Queen Street West is animated with fashion retailers, hardware suppliers, and variety stores. Along this stretch is also home to the Much Music broadcasting studio, The Canadian Opera House and the National Ballet of Canada. Upon entering the Restaurant patrons are greeted by a statuesque tree. The trunk is of a fallen Ironwood tree resurrected from the floor of a Southern Ontario forest and treated with the ancient Japanese process of Shou Sugi Ban, a technique in which wood is preserved through carbonization rendering it matte black.
The tree’s canopy floats effortlessly above with a rhythmic gesture inspired by the natural phenomenon of murmuration. This gestural expression is presented in geometric form using 3-D printed technology. Reaching the wood trellised ceiling above, the art piece titled Fuga, defines the entrance from the new bar area adjacent and introduces the anticipated drama further into the new space.
Chef Lee felt the original bar area lacked energy and connection to the rest of the dining space and the urban nature of the neighbourhood. +tongtong utilizes 2 large scale elements that now connects the bar to the street and the dining room while maintaining defined and differentiated spaces. A reflective black ceiling stretches the length of the room overhead, deep and mysterious, the inverted pond offers an aerial view of dining room activity. A 43ft glass rail separates the new bar and dining room. Laminated within the glass +tongtong created an abstract graphic mirror of a beehive and bees collecting honey. A layer of dichroic film renders the surface iridescent “like the wings of butterflies” says +tongtong Principal John Tong. The partition doubles as a mirror that reflects the street life into the bar area and a perforated screen maintaining transparency to the dining room.
Another feature linking the two areas is a custom-designed wine display back lit and framed behind a glass wall. Columns of voluptuous vegetable-tanned and oiled leather saddles gently cradle bottles of wine. The effect resembles young buds clinging to vines showcasing Chef Lee’s vast wine offerings.
Nota Bene’s dining room, known for its luxurious ambiance wanted to offer a new yet equally refined experience. +tongtong created an installation of over 70 tumble weeds sourced from Nevada. While seemingly fragile these deceptively tough and well-traveled entities migrate across the ceiling of the entire dining room injecting an airy touch of endearing whimsy to the room.

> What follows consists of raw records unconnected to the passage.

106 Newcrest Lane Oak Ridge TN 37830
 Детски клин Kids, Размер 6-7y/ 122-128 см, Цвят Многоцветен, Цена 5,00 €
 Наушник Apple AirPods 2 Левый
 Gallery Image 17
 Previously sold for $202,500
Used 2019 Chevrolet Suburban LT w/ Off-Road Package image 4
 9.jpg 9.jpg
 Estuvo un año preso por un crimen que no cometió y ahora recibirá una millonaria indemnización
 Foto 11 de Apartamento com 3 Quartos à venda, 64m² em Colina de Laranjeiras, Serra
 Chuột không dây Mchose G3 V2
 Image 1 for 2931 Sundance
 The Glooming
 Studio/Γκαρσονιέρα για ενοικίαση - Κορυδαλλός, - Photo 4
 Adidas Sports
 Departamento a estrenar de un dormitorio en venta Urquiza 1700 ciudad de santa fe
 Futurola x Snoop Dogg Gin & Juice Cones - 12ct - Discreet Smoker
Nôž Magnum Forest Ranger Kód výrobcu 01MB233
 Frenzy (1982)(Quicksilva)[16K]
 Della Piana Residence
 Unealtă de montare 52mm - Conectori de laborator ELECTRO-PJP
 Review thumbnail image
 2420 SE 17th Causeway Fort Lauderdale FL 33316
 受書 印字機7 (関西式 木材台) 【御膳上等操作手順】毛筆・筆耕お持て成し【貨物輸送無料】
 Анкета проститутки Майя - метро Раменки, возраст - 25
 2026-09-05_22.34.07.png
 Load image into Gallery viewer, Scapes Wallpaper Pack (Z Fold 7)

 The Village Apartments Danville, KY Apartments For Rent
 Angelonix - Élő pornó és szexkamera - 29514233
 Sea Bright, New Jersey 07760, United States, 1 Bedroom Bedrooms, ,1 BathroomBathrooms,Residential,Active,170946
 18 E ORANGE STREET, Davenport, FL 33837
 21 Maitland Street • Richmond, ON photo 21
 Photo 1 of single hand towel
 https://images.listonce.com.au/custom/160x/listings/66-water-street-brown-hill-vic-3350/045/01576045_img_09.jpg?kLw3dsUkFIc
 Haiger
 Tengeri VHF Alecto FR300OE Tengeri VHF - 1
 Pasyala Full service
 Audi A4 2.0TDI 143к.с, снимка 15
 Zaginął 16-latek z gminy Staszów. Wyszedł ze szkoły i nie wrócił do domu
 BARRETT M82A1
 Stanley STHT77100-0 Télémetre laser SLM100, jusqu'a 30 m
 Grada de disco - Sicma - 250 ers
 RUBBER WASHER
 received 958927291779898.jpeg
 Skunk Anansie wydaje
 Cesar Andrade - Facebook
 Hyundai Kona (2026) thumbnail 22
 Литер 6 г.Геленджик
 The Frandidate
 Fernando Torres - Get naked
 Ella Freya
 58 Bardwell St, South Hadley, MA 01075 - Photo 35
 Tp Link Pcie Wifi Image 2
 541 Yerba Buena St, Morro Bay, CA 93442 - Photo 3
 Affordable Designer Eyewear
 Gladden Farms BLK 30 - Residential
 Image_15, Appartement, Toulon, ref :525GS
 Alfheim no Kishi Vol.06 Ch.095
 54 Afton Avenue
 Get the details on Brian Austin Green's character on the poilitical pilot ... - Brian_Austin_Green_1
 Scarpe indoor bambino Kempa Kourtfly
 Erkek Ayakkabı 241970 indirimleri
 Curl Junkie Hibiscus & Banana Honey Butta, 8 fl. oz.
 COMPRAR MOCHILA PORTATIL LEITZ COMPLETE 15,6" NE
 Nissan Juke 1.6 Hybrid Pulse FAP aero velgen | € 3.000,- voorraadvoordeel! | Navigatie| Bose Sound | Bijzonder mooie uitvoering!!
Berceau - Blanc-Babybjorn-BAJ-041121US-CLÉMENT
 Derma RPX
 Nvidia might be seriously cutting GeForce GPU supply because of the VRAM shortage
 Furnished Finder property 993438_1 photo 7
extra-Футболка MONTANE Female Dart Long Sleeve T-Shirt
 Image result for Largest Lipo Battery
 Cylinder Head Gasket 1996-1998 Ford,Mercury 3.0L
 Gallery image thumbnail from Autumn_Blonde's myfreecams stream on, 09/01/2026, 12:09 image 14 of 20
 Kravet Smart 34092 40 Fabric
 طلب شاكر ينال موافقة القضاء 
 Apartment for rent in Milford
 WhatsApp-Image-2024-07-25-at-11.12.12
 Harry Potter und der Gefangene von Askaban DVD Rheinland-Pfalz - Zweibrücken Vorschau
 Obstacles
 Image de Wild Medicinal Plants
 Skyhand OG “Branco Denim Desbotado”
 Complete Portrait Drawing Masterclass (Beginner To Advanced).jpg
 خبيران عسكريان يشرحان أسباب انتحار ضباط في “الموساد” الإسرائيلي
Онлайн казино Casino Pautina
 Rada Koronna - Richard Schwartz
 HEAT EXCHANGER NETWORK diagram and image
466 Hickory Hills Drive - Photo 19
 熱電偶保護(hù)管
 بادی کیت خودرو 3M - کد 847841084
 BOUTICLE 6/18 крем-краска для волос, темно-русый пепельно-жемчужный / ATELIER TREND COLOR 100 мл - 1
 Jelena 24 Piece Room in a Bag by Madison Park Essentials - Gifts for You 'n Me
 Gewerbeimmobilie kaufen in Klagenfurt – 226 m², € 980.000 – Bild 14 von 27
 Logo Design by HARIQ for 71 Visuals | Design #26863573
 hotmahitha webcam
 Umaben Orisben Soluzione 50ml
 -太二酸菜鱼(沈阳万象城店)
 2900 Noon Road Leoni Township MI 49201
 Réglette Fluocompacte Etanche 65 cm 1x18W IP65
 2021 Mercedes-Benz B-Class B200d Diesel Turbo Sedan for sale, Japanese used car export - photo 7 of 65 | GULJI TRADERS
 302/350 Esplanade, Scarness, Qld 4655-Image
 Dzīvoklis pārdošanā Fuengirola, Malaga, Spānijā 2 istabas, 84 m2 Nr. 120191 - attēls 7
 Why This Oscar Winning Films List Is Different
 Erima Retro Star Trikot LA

The energy of the previously closed kitchen is now exposed through a translucent macro-photographic mural of a fantastical space deep inside a chunk of glass, a material created through the alchemical process of intensely heating sand. Glass is considered a live material and is in perpetual motion.
The iconic white linens of fine dining are replaced with custom designed Corian tables which drape over a frame then centered with playful inserts of walnut resembling bubbles cuddling together. In the bar area the tables have removable serving platter inserts for never ending list of breads, charcuterie and bar snacks.
The entire renovation took a year of planning and three weeks of onsite construction. “Nota Bene is a well-established brand with very loyal followers. +tongtong was mindful in reinforcing Chef Lee’s vision while bringing a new experience to a broader audience. We aimed to give the space the sensuality of material while maintaining a very sleek, architectural approach,” says Tong. “It’s a balance of warmth and modernity.”